3Com to cut 500 jobs, transfer others

David R. Baker, Chronicle Staff Writer
Wednesday, January 16, 2002
San Francisco chronicle


In a sign that last year's wave of job cuts in Silicon Valley may not be over, 3Com Corp. said yesterday that it will cut an additional 500 employees.

The job losses will bring total employment at the Santa Clara computer networking company down to 5,400. When technology sales collapsed in late 2000,

3Com employed about 12,000 people.

In an interview last week, the company's chief executive officer said 3Com would continue paring staff as part of its continuing reorganization. The cuts, however, will be more targeted than last year's extensive layoffs, made when the company was desperately slashing expenses.

"Over the rest of this fiscal year, we will have a reduction in force, but the size and the scale won't be what we saw in the past," said Chief Executive Officer Bruce Claflin. "It's function by function, business by business."

The company declined to say how many of the 500 people affected work in the Bay Area or list the company divisions involved.

In addition, 3Com said yesterday that it would transfer an undisclosed number of employees within the company, moving their job functions from the heart of the corporation to some of its individual operating units. Those involved work in 3Com's corporate marketing, human resources and financial research offices.

The news drew little reaction from Wall Street. 3Com's stock price inched upward following the morning announcement, then drifted down to close virtually unchanged at $6.10.

"It seems a minor tweak," said Jay Ritter, an equity analyst with Morningstar in Chicago. "They have a really strong balance sheet, they've done a lot of cost cutting, they've got some decent products, and they had what appeared to be a better-than-expected quarter last quarter.
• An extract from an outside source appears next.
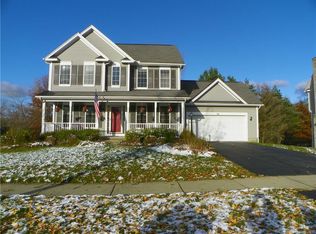 33 Brigham Cir, Honeoye Falls, NY 14472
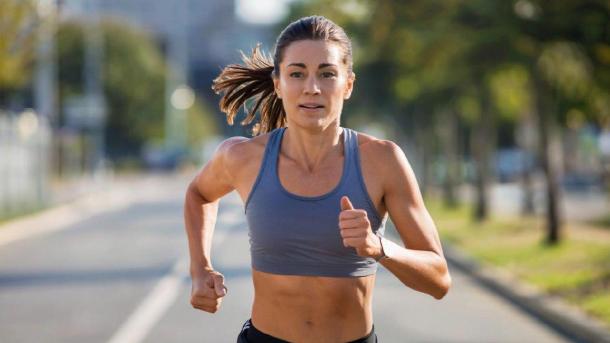 Почему 38 % новосибирцев выбирают бег? Названы главные причины и секреты мотивации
But I think people are still a bit skeptical about their restructuring turnaround."

Clifton Gray, vice president of equity research at Kaufman Bros. in New York, said continual layoffs could seriously sap 3Com employees' morale.

"If I heard there were going to be cuts the rest of the year, I'd get my resume together," he said.

The move comes at a time when 3Com's sales have slowly started to rebound, after plunging for much of last year. Although the company has lost money for the past seven quarters, executives hope to show a profit again starting in the fourth quarter of this fiscal year.

Employees who lose their jobs in this round of cuts will receive 60-day paid notification, followed by a severance package determined by the length of employment at 3Com, a company spokeswoman said. Severance packages will vary from a minimum of one month's pay to a maximum of three months' pay.